▼▼▼
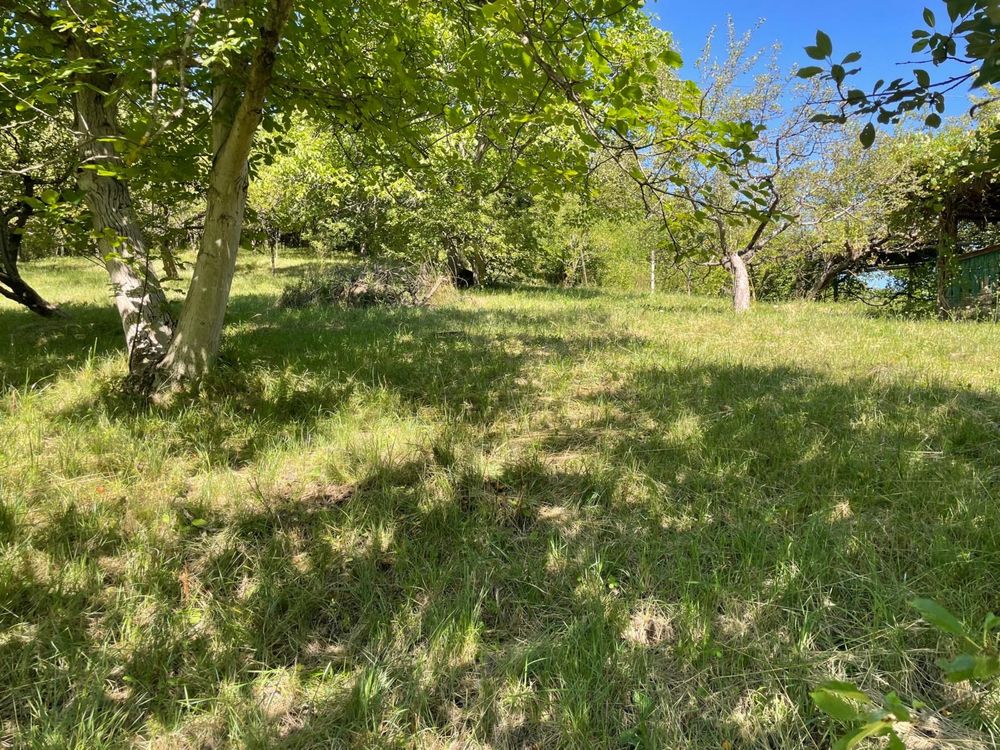 PLATA IN 3 RATE!!! Teren intravilan 650, 669 mp, Str. Dambului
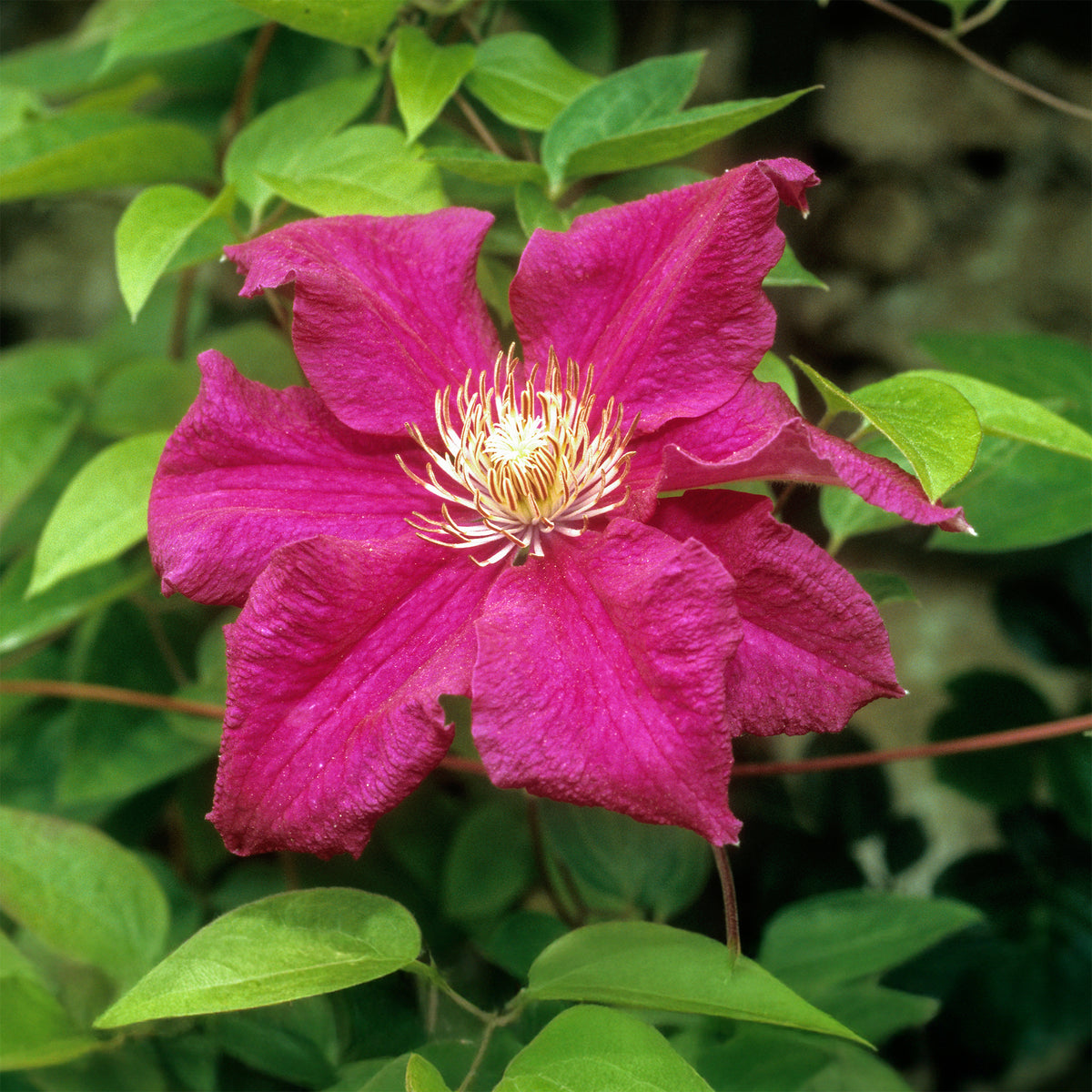 Bosrank 'Ernest Markham' - Clematis viticella Ernest markham - Bakker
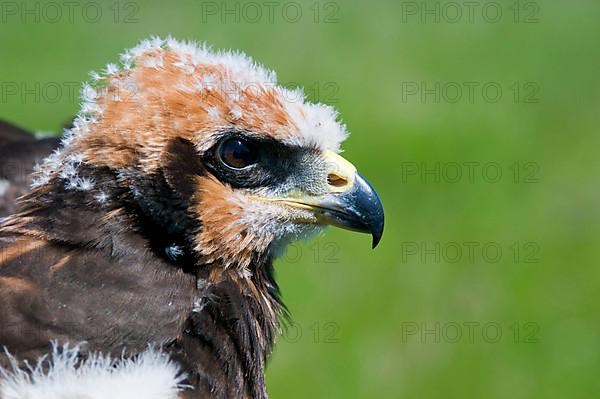 Western Marsh Harrier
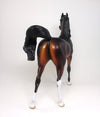 dapple bay arabian
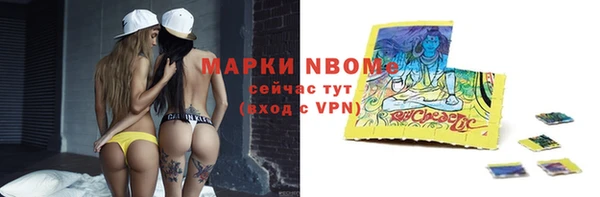 крисы Алзамай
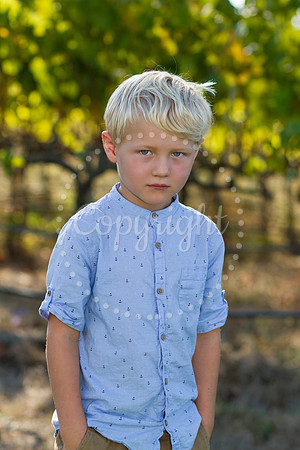 haycock-mulberry-3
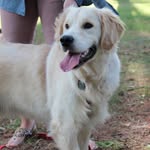 Declan Westin Pierce - @lifesgoldenasagolden - Instagram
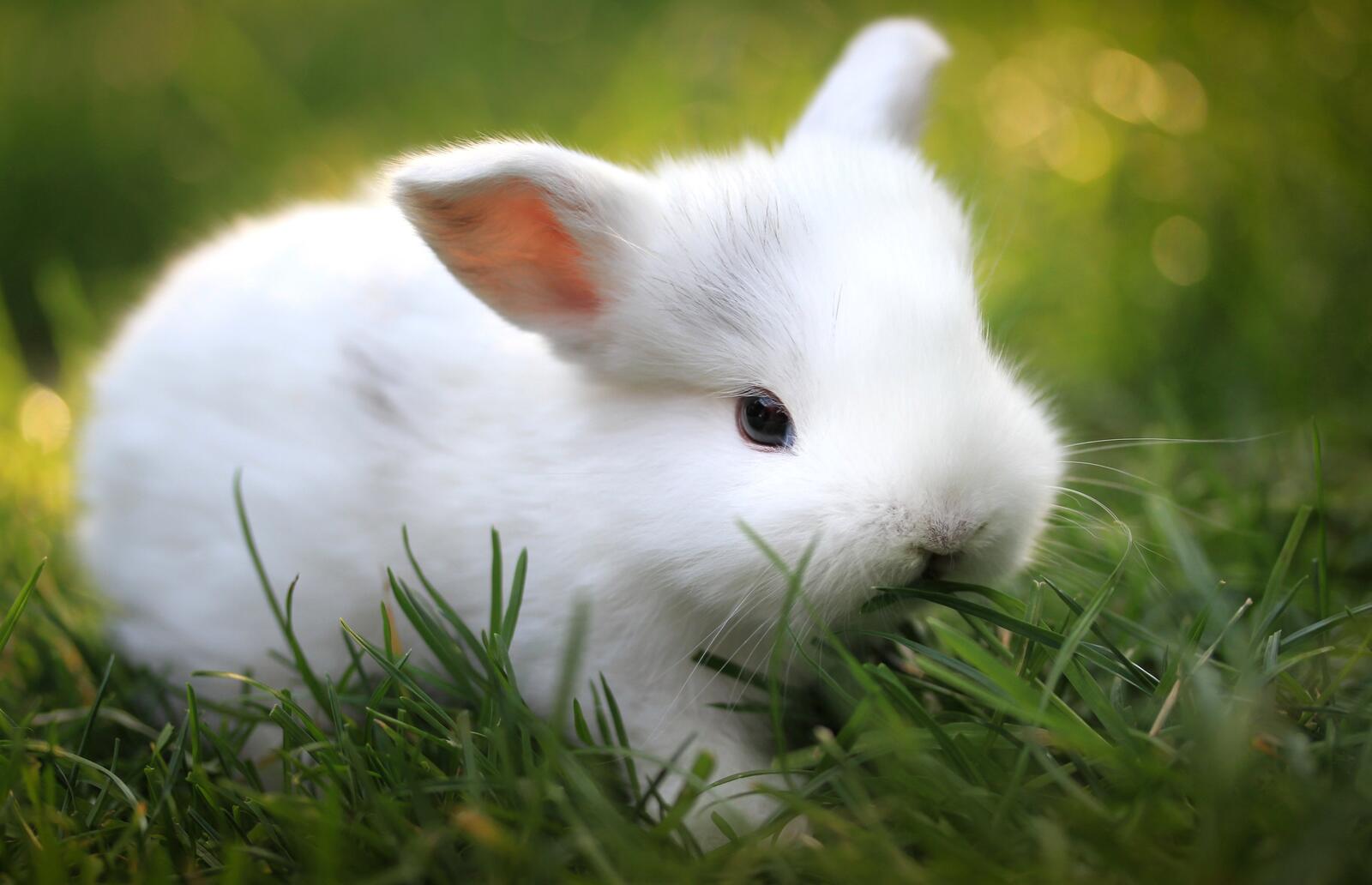 Обои белый кролик зеленая трава милая на рабочий стол
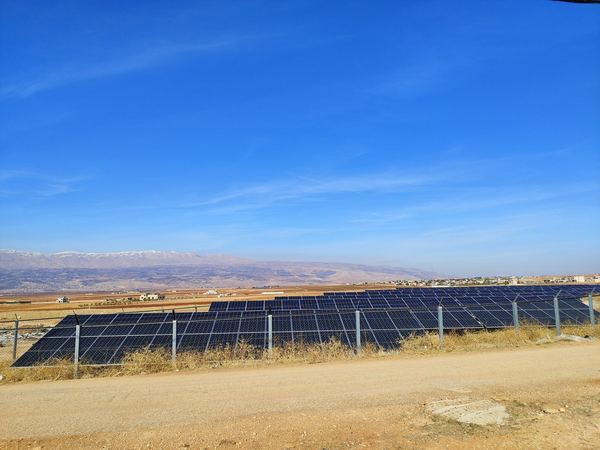 Rows seen across the plain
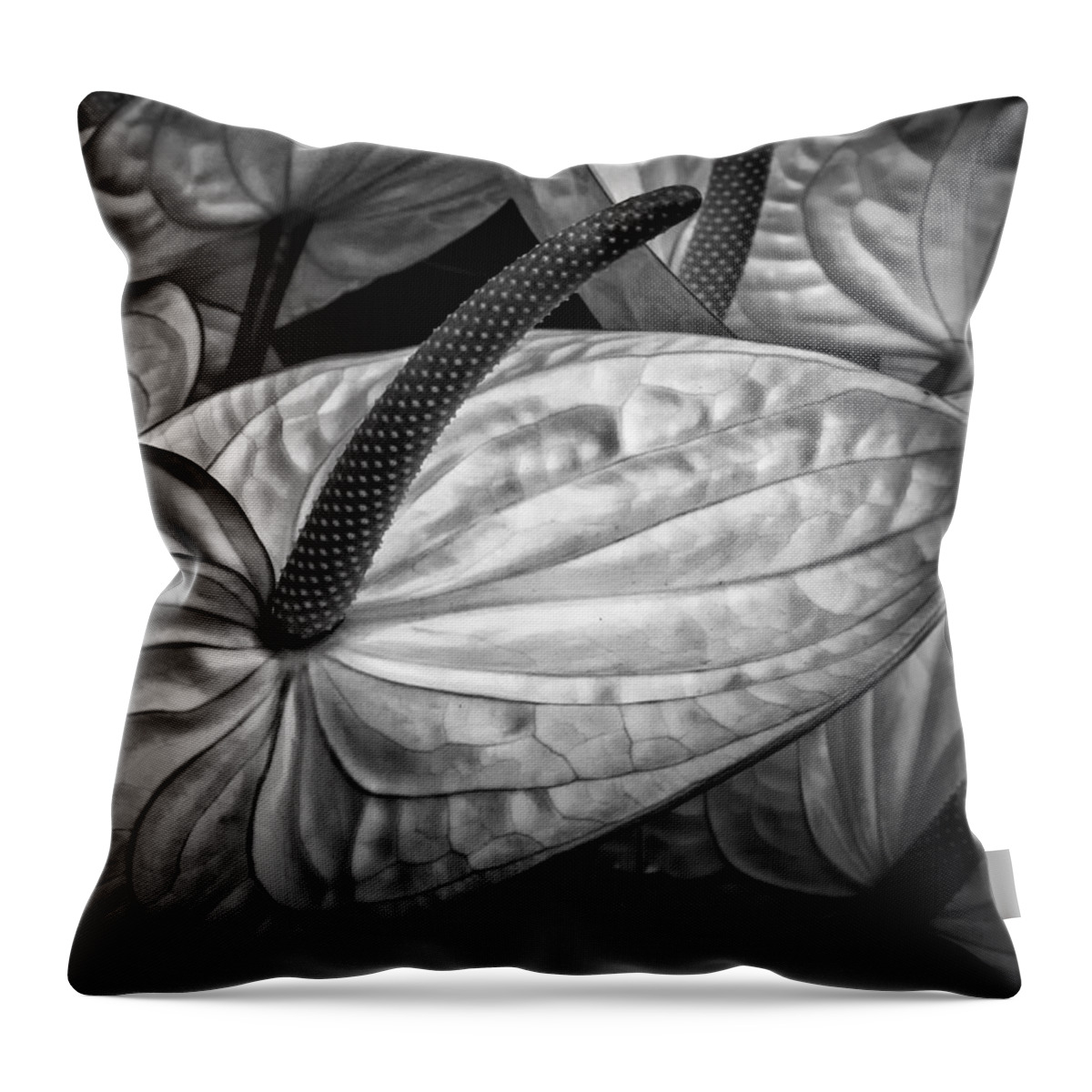 Anthurium Throw Pillow featuring the photograph Silvery sheen by Shirley Mitchell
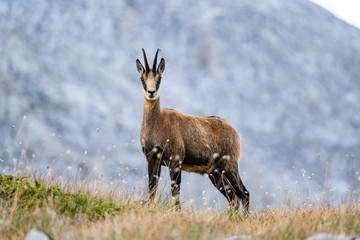 Naklejka na ściany i meble Wild goats in the bulgarian mountains, Pirin national park 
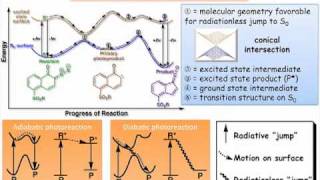 Photochemical Reaction Pathways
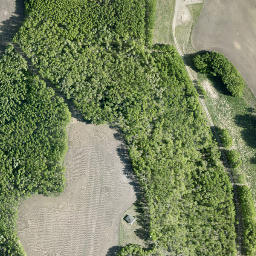 Satellite imagery of Moose Mountain, CA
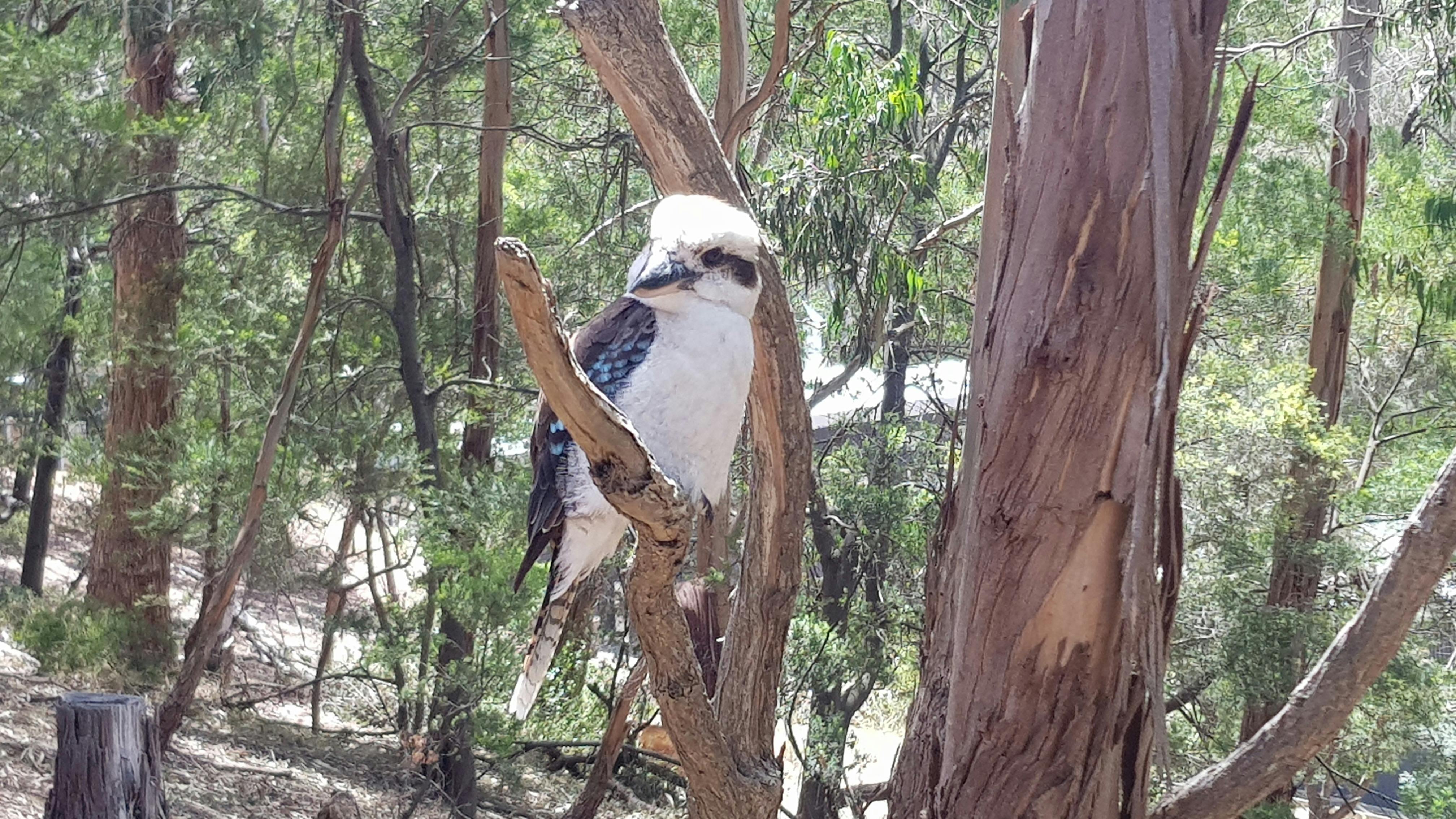 Wild Kurraburra posing for Photo @ Kennet River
▲▲▲
Everything in the data except the pictures needs to be written out exactly.

 PLATA IN 3 RATE!!! Teren intravilan 650, 669 mp, Str. Dambului
 Bosrank 'Ernest Markham' - Clematis viticella Ernest markham - Bakker
 Western Marsh Harrier
 dapple bay arabian
 крисы Алзамай
 haycock-mulberry-3
 Declan Westin Pierce - @lifesgoldenasagolden - Instagram
 Обои белый кролик зеленая трава милая на рабочий стол
 Rows seen across the plain
 Anthurium Throw Pillow featuring the photograph Silvery sheen by Shirley Mitchell
 Naklejka na ściany i meble Wild goats in the bulgarian mountains, Pirin national park 
 Photochemical Reaction Pathways
 Satellite imagery of Moose Mountain, CA
 Wild Kurraburra posing for Photo @ Kennet River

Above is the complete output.